Not believing in one's self hardly seems a way to succeed.
And, for the record, my attitude toward Chesterton is not hostile. I simply think he was wrong about most everything I've read of him. Nor is that a prejudiced attitude. I bought TEM because of your amazing attitude toward him. I had hoped - indeed, expected - to find a religious writer I was as thrilled by as I was with Fools Crow/Thomas Mails, Eknath Easwaran, and Neale Donald Walsch. And Furls Fire and her brother. I love reading such people's thoughts and beliefs. I love "hearing" the joy they have found. When they are internally consistent, all the better. Chesterton simply isn't a writer who gave me that. Don't read more into it than that. He may be the ultimate for you, but that doesn't mean anyone who does not agree is prejudiced, hostile, or any other negative thing.
rusmeister wrote:Fist and Faith wrote:rusmeister wrote:Probably a better approach for you is the egocentrical and ultimately self-destructive, or at least contradictory nature of man, explained by us in the doctrine of the Fall.
How do you mean? In what way do you see that as an approach that might make me believe in some sort of creator?
Because it explains things that we can see, in front of our eyes every day. I thought I had posted this here:
The Fall is a view of life. It is not only the only enlightening,
but the only encouraging view of life. It holds, as against
the only real alternative philosophies, those of the Buddhist
or the Pessimist or the Promethean, that we have misused
a good world, and not merely been entrapped into a bad one.
It refers evil back to the wrong use of the will, and thus declares
that it can eventually be righted by the right use of the will.

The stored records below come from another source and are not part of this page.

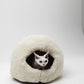 Cat peeking out from a white cat bed on a light gray background | Natural, non‑toxic pet nest for cats and small dogs | Cozy, handmade pet furniture, natural wool and sheepskin

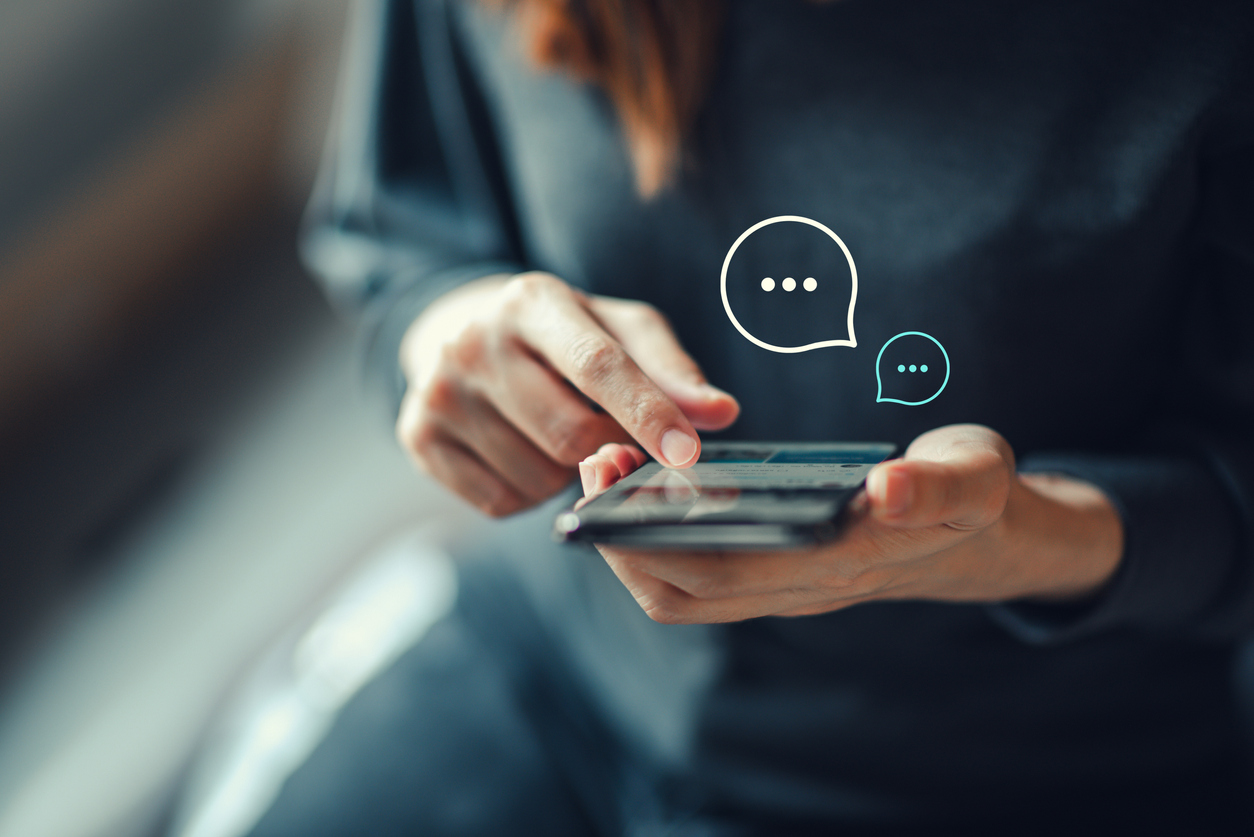 Woman using social media on phone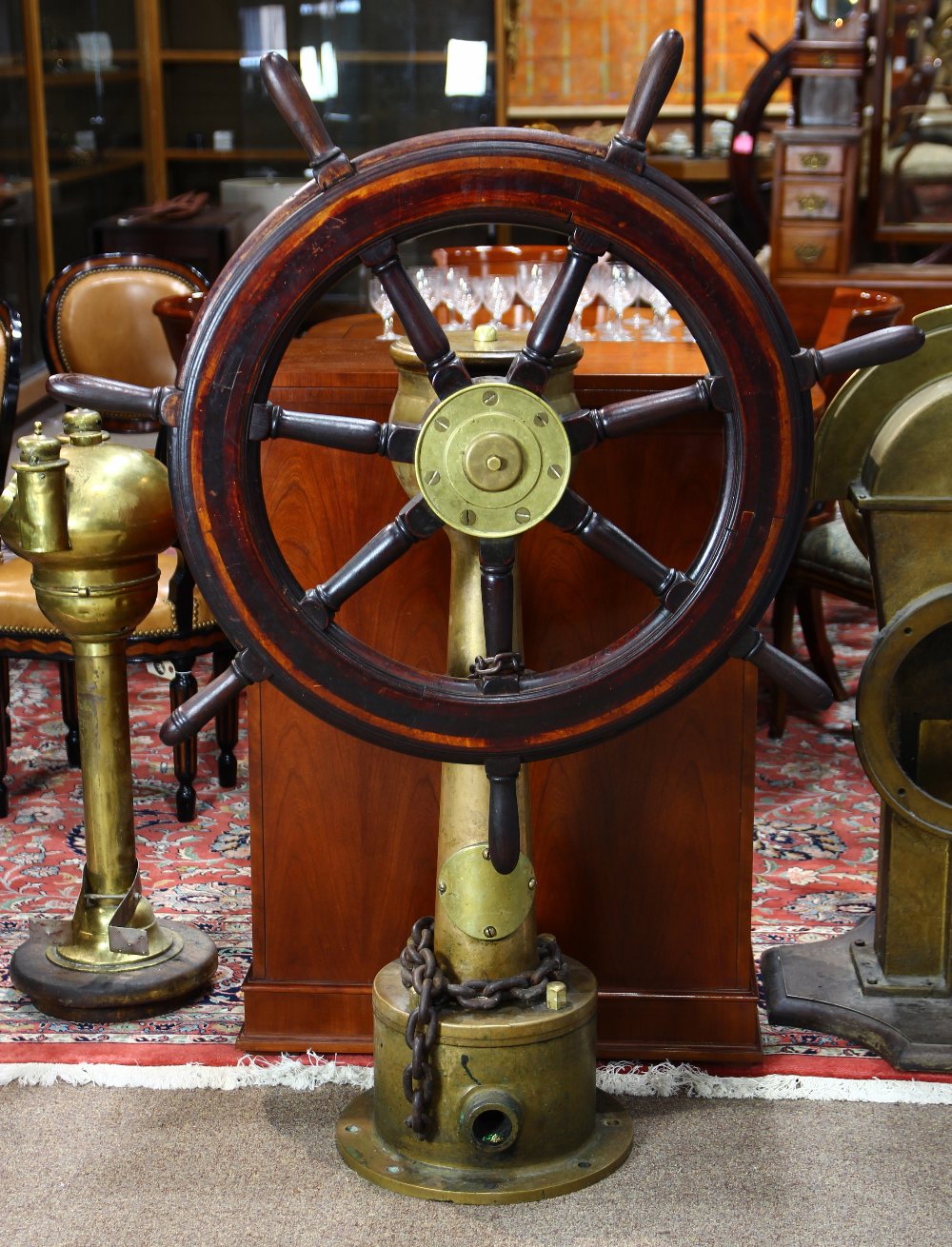 Yacht helm circa 1920, with rudder angle indicator, executed in bronze and brass, mounted with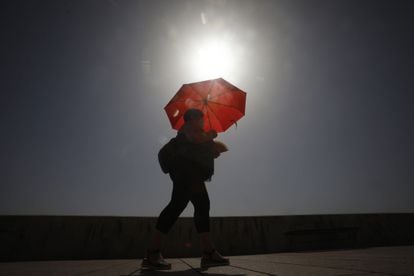 A woman shades herself from the sun in Córdoba in Andalusia.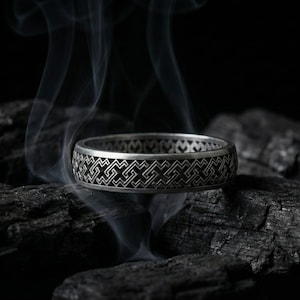 May include: A silver ring with an intricate geometric pattern, resting on dark charcoal. Wisps of smoke rise around the ring, creating a dramatic effect. The ring's design is a repeating series of interlocking shapes.
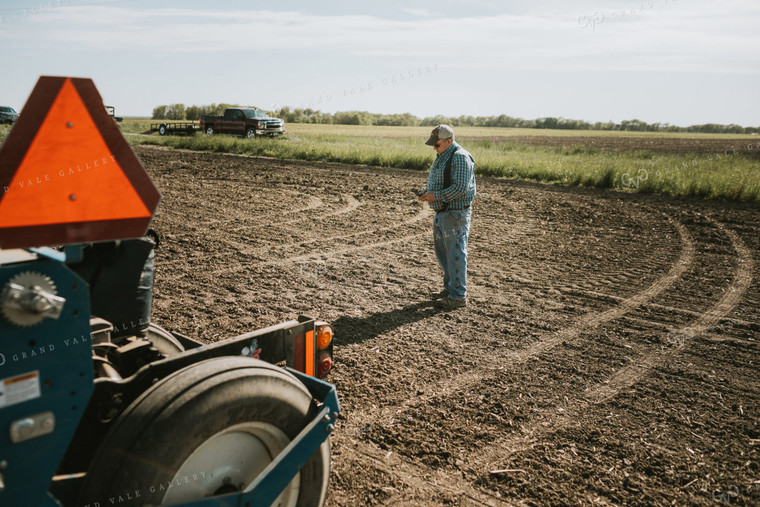 Farmer Looking at Phone in Field 4123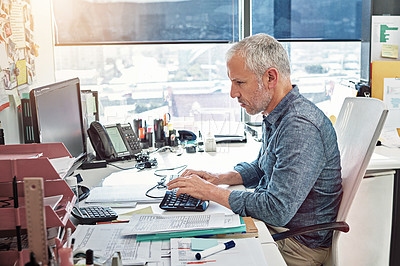 Buy stock photo Shot of a mature man at work on computer in an office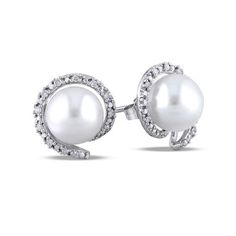 A mesmerizing look, these pearl and diamond earrings transition perfectly from day into evening. Fashioned in 10K white gold, each clever earring features a luminous 8.0-8.5mm cultured freshwater pearl center stone surrounded by a sculpted ribbon lined with shimmering diamonds. Captivating with 1/10 ct. t.w. of diamonds and a brilliant buffed luster, these post earrings secure comfortably with friction backs. Diamond White Pearl Earrings With Diamond Accents For Anniversary, Anniversary Pearl Earrings With Diamond Accents, White Gold Pearl Earrings With Halo Design For Anniversary, Anniversary White Gold Pearl Earrings With Halo Design, Sterling Silver Pearl Earrings With Diamond Accents For Anniversary, Sterling Silver Pearl Earrings With Diamond Accents, Sterling Silver Round Cut Pearl Earrings With Diamond Accents, Zales Jewelry, Diamond Frame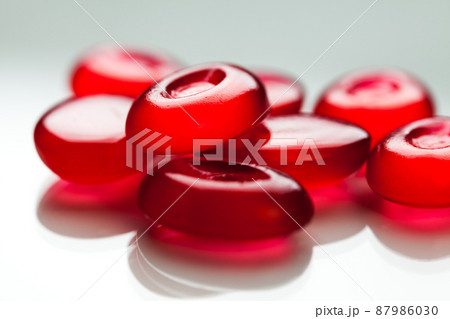 Pile of red pills isolated on white surface with reflection Pile of red pills isolated on white surface with reflection 87986030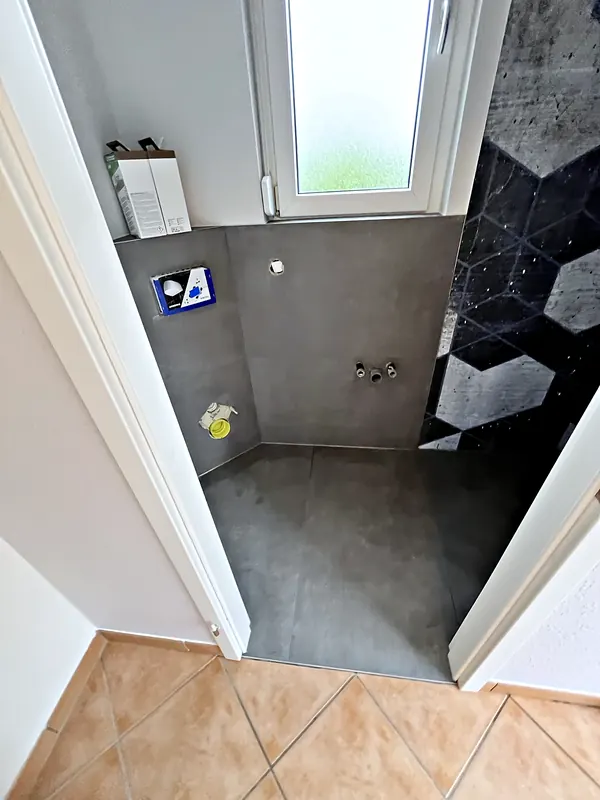 Bad mit dunklen Großformatfliesen und Vorwand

Every other creed except that one is some form of surrender to fate.
A man who holds this view of life will find it giving light
on a thousand things; on which mere evolutionary ethics have not
a word to say. For instance, on the colossal contrast between
the completeness of man's machines and the continued corruption
of his motives; on the fact that no social progress really seems
to leave self behind; on the fact that the first and not the last
men of any school or revolution are generally the best and purest;
as William Penn was better than a Quaker millionaire or Washington
better than an American oil magnate; on that proverb that says:
"The price of liberty is eternal vigilance," which is only what
the theologians say of every other virtue, and is itself only a way
of stating the truth of original sin; on those extremes of good and
evil by which man exceeds all the animals by the measure of heaven
and hell; on that sublime sense of loss that is in the very sound
of all great poetry, and nowhere more than in the poetry of pagans
and sceptics: "We look before and after, and pine for what is not";
which cries against all prigs and progressives out of the very
depths and abysses of the broken heart of man, that happiness
is not only a hope, but also in some strange manner a memory;
and that we are all kings in exile.
www.cse.dmu.ac.uk/~mward/gkc/books/The_Thing.txt (ch 31 "The Outline of the Fall")
That's rubbish.

From where does he get the gall to say that no other view of life is encouraging?? Or that every other creed is a surrender to fate??
THIS is the kind of thing that is so insulting. HE (and you) believe certain things. Fine. So do I. What he says, and what you believe and repeat, is akin to me saying, for example, that
my view is the only one that embraces honesty. You and Chesterton are stark-raving
terrified by meaninglessness, so you have turned to a fantasy, embracing something you
know to be false, just because it comforts you.
But I do
not say that. I know that there are many different reasons that people have the faith they have, and many of those reasons have nothing to do with fear. You and Chesterton, however, have no problem making statements with the same kind of insult in them. That Fall quote is such a statement.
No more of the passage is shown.